Most researchers paid their attention to the surrounding environment monitoring of ATM kiosks, and ignored the potential safety issue coming from ATM authentication mode itself. Currently, the authentication of only password requiring is not safe enough. With the rapid development of face recognition technology based on deep convolutional neural network (CNN), undoubtedly, applying it into ATM authentication will improve security further. Other biometric information like fingerprint and iris are often used for security, but in ATM system they are not very appropriate. Because we can grant privileges to other persons by upload their facial images if using face recognition technology, while the authorization is difficult to implement if using fingerprint or iris. In daily life, it would be inconvenient if only cardholders themselves are permitted to handle business, and authorization is a good resolution to guarantee both security and flexibility.
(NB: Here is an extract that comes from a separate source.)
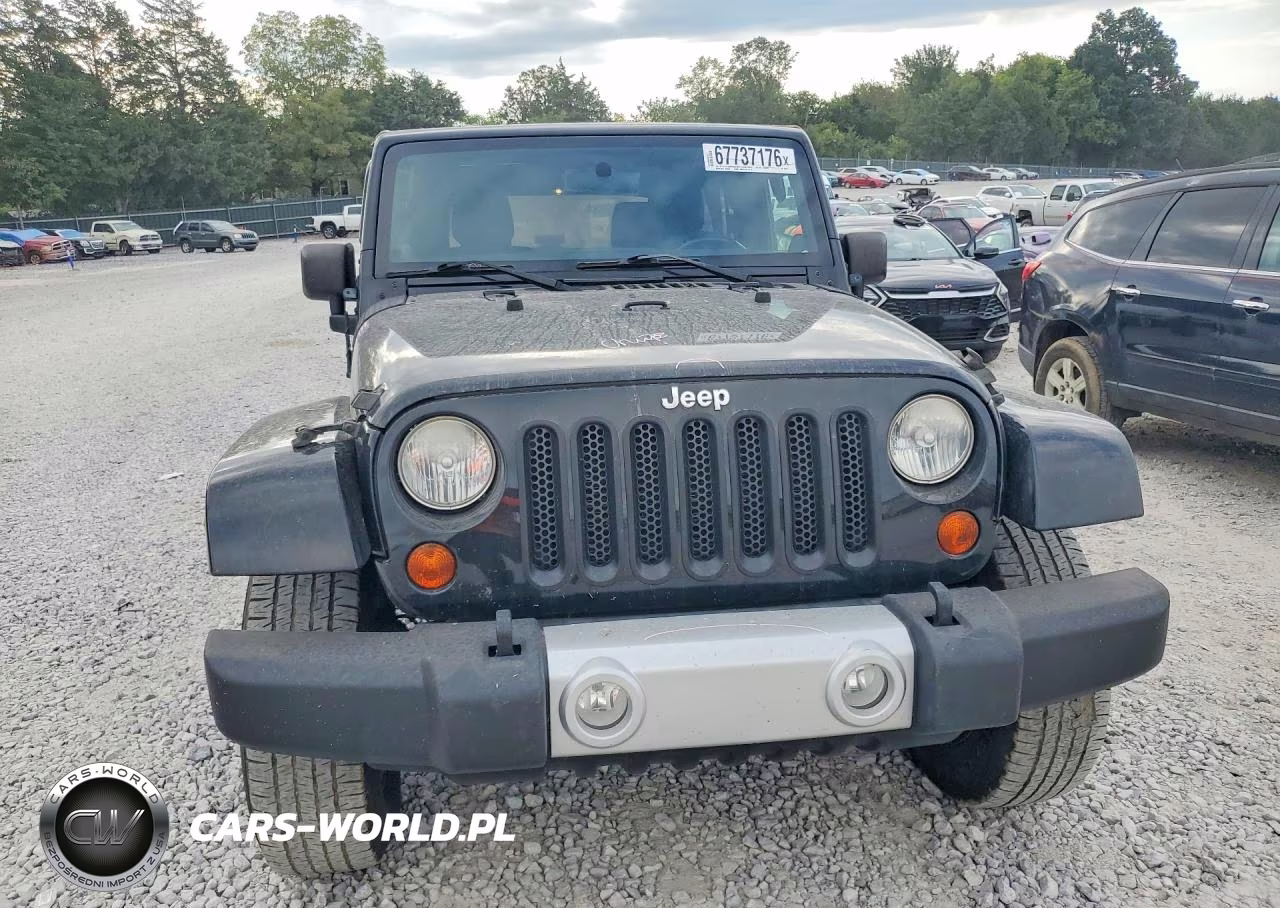 2012 Jeep Wrangler Unlimited Sahara VIN:1C4HJWEG8CL104473 - 5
In this paper, we explore a new authentication mode combine face recognition and basic password for ATM. We think that it would prevent the economic crime on ATM fundamentally. However, real-time response, high accuracy, and low storage space requirement make this application very challenging. On one hand, there are two separated steps including face detection and alignment before recognition generally in face recognition pipeline and result in low efficiency. We simplify the general processing and present a novel landmark localization method to produce facial landmark from raw images without face detection preprocessing. On the other hand, computational and storage costs of CNN based methods are still high. To this end, we propose a new face recognition method by landmark regression. Our pipeline integrates a coarse-to-fine landmark localization network and a light face recognition network. In network architecture, we use fully convolutional network (FCN) in landmark localization and network-in-network with small convolutional kernel size in face recognition for saving storage space. Besides, considering the speed of process we obtain landmark locations in a coarse-to-fine manner. And the nine layers CNN of face recognition ensure the accuracy further.
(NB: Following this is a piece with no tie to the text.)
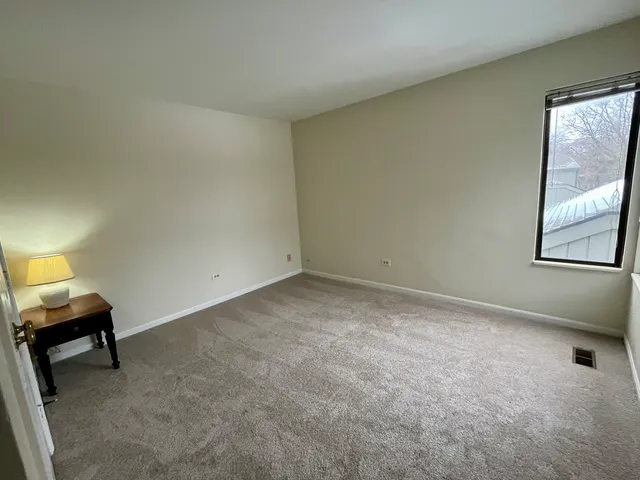 $379,000 | 33 Shoreline Road, Unit B, Lake Barrington, IL 60010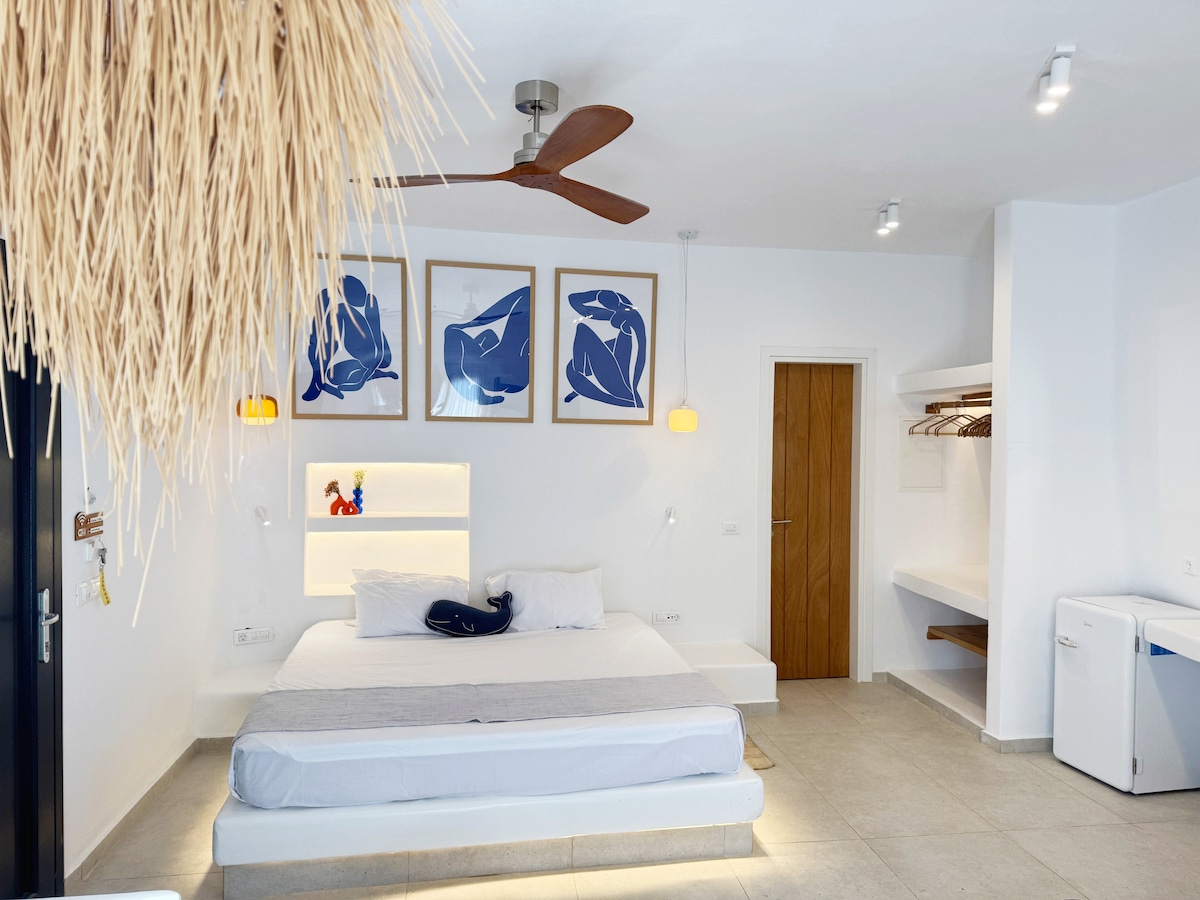 Hotels.com - Deals & Discounts for Hotel Reservations from Luxury ... - Premium Apartments With Private Outdoor Dining Areas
For landmark localization, there are no fully connected layers in our network and only convolutional layers are utilized. In particular, by taking the whole image as input, the coarse locations of facial landmarks are roughly detected in global context. Then they are further refined by local regions, which taking the cropped patches containing coarse landmarks as input and produce a fine and accurate prediction. For face recognition, we train a light (CNN) where the rectified linear unit (ReLU) is replaced by max-feature-map (MFM) like paper [24]. The CNN with MFM can obtain a compact representation and shows good performance in terms of both computational cost and storage space [24].

The main contributions of this work are summarized as follows. (1) We propose a new face recognition method by coarse-to-fine landmark regression, which produces facial landmark response maps directly from raw images without relying on the result of face detection or other preprocessing done in advance. (2) Our approach is practicable due to its good accuracy and high efficiency.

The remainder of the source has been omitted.